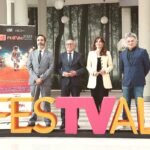 Javier Hurtado, consejero de Turismo, Comercio y Consumo del Gobierno Vasco, Ramiro González, delegado de Álava, Maider Etxebarria, alcaldesa de Vitoria-Gasteiz y Joseba Fiestras, director de FesTVal.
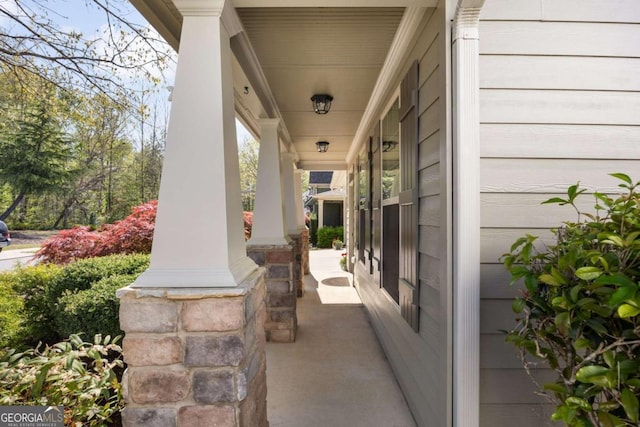 view of patio / terrace with covered porch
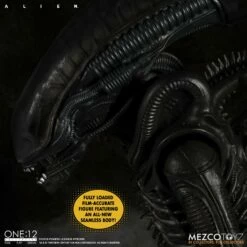 Mezco Toys ONE:12 Collective - Alien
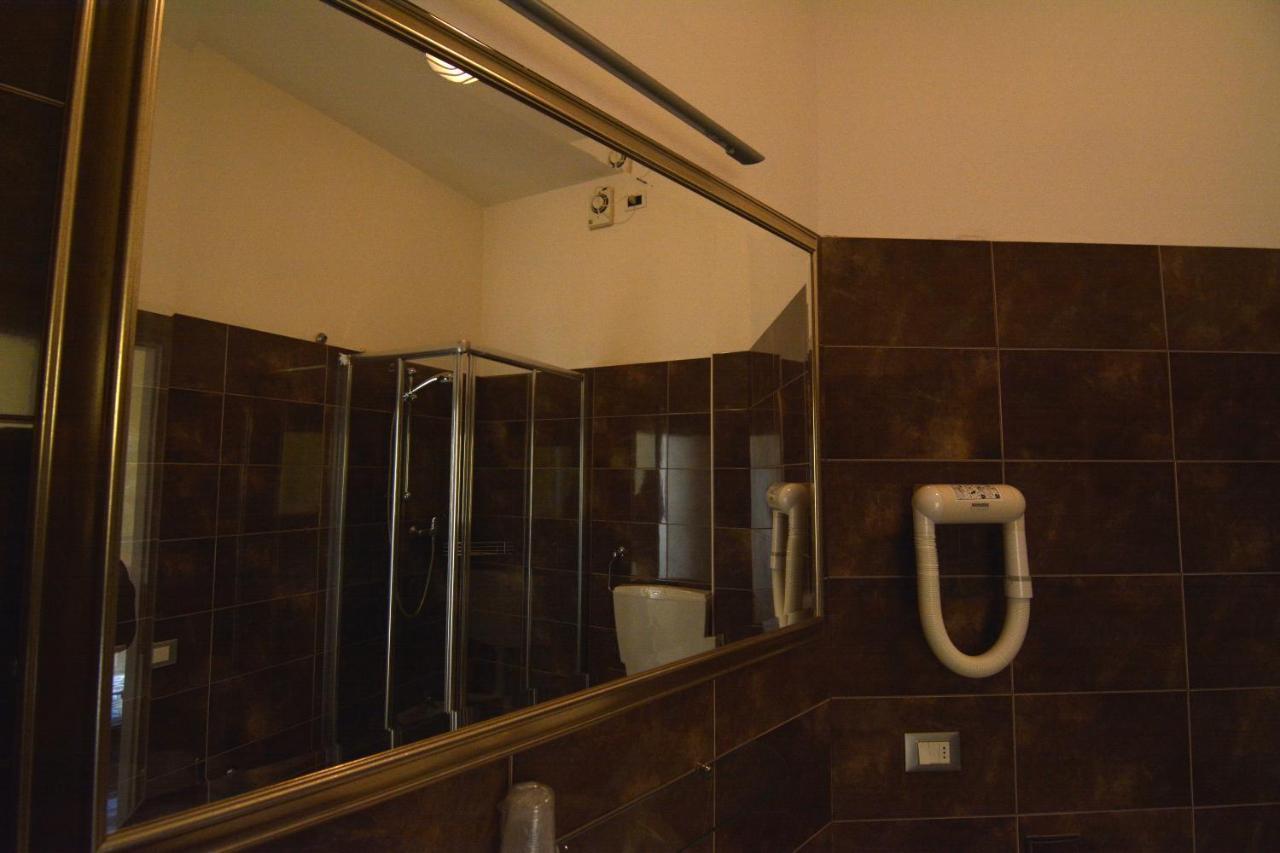 Hotel Orly Cesenatico Extérieur photo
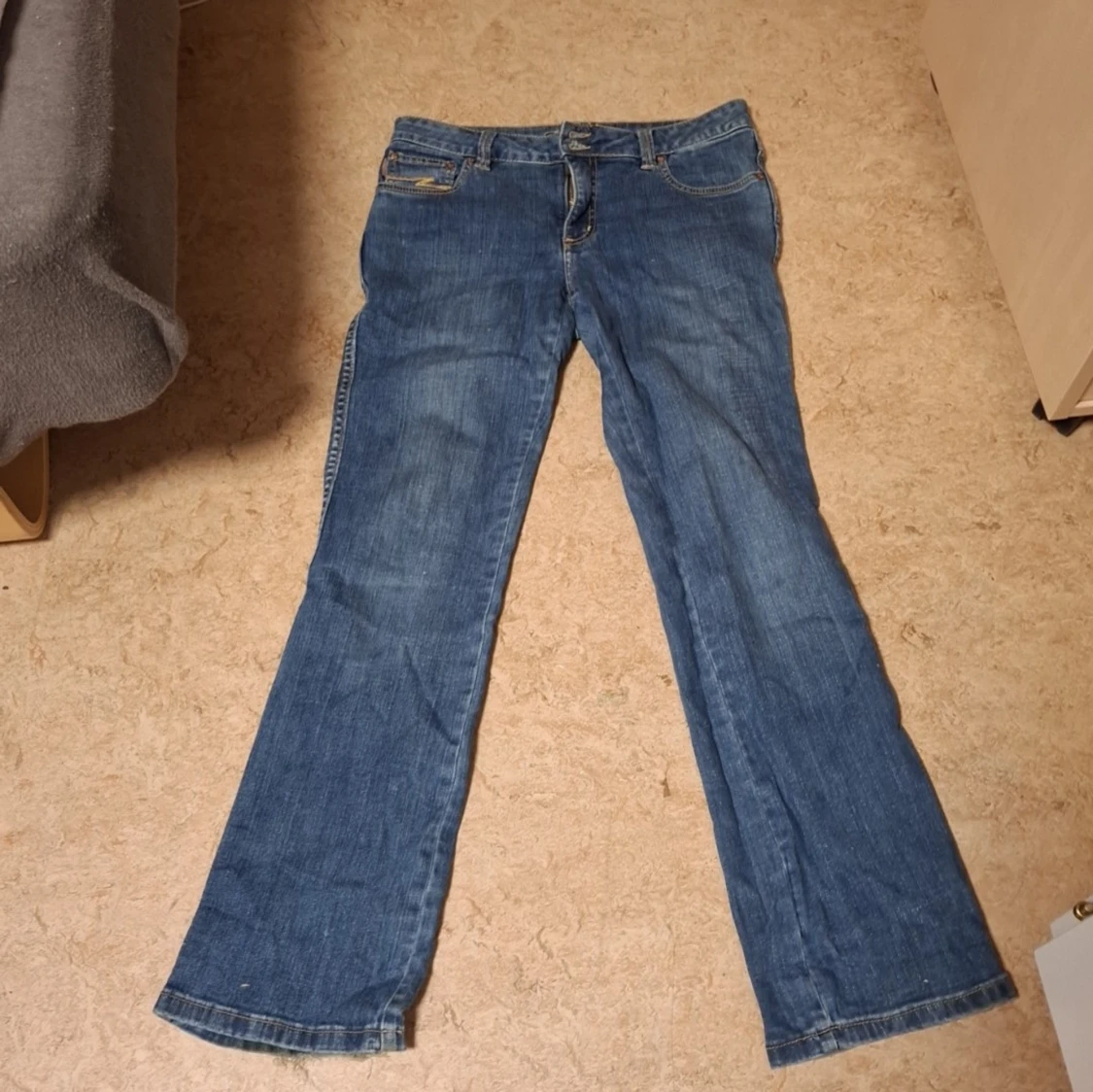 flaired bootcut jeans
++++++++
* _ACTION ITEM_
Could you return each line, unchanged, from the line containing "view of patio / terrace with covered porch" through the last line of the entries above, leaving out the pictures?

* _SOLUTION FOR THIS EXERCISE_
 view of patio / terrace with covered porch
 Mezco Toys ONE:12 Collective - Alien
 Hotel Orly Cesenatico Extérieur photo
 flaired bootcut jeans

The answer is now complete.